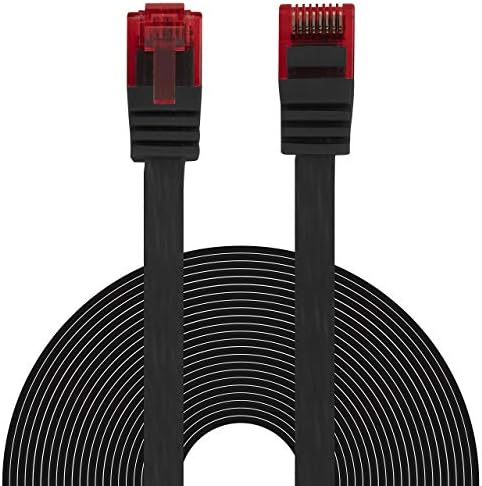 BIGtec Kabel Ethernet LAN 7,5 m elastyczny płaski kabel sieciowy kabel krosowy żółty płaski pasek Cable Gigabit DSL ISDN kabel płaski kabel instalacyjny wtyczka RJ45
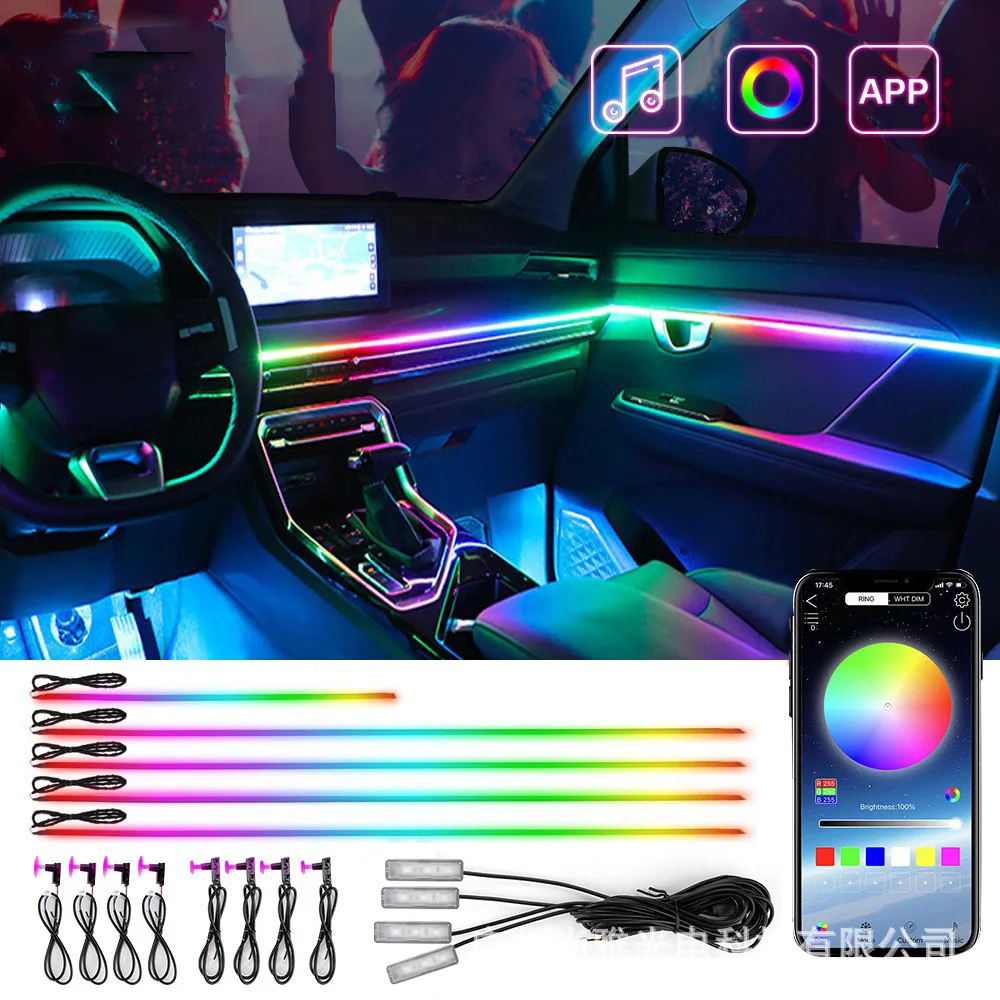 

Car Car Ambient Light 18in1 Hidden Acrylic LED Symphony 256 Color Decorative Light Strip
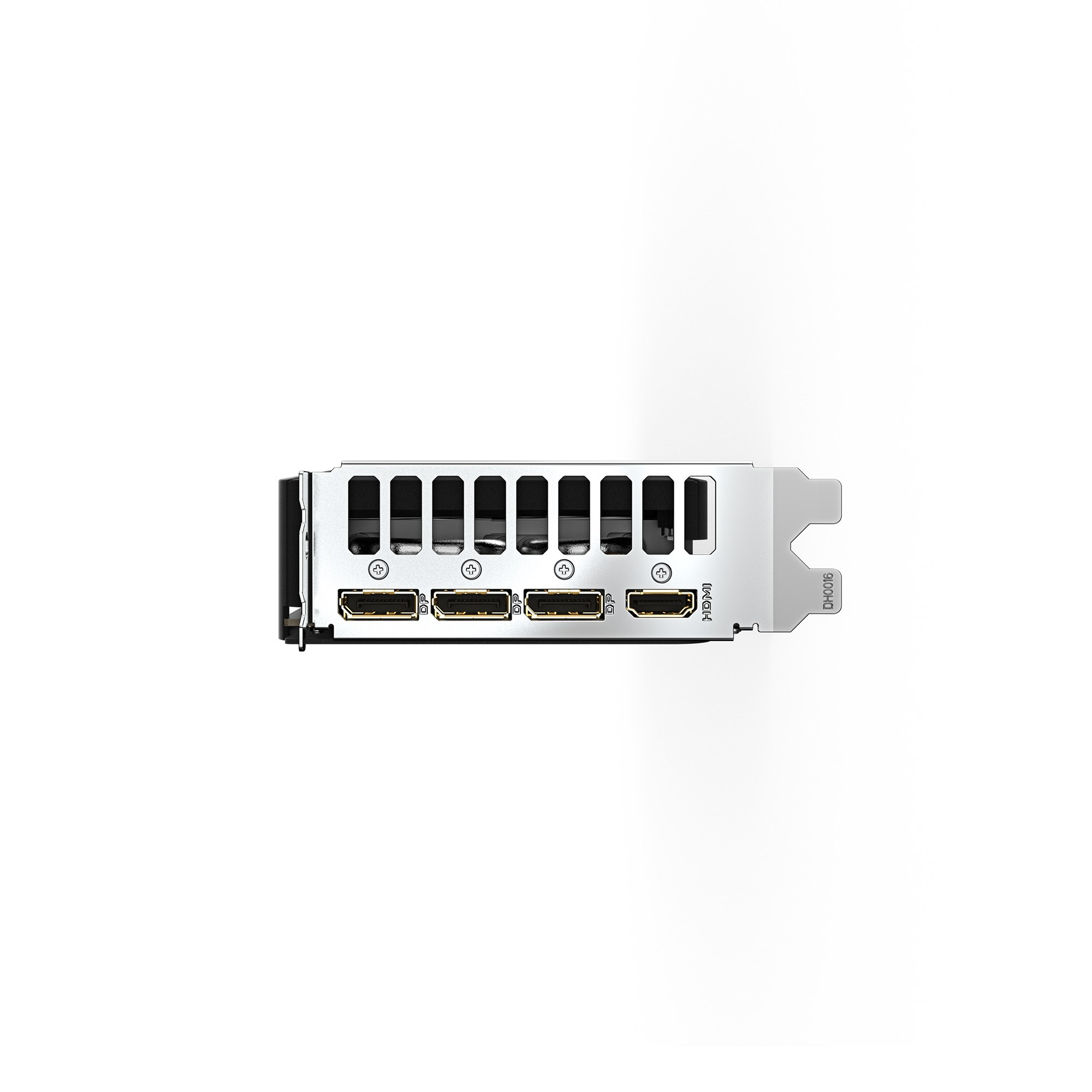Panel trasero de una tarjeta gráfica con tres puertos DisplayPort y uno HDMI.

■ ■ ■ ■

EXERCISE PROMPT ▸
Return a verbatim transcription of the data, omitting all images.

RESULT BELOW ▸
 BIGtec Kabel Ethernet LAN 7,5 m elastyczny płaski kabel sieciowy kabel krosowy żółty płaski pasek Cable Gigabit DSL ISDN kabel płaski kabel instalacyjny wtyczka RJ45

Car Car Ambient Light 18in1 Hidden Acrylic LED Symphony 256 Color Decorative Light Strip
Panel trasero de una tarjeta gráfica con tres puertos DisplayPort y uno HDMI.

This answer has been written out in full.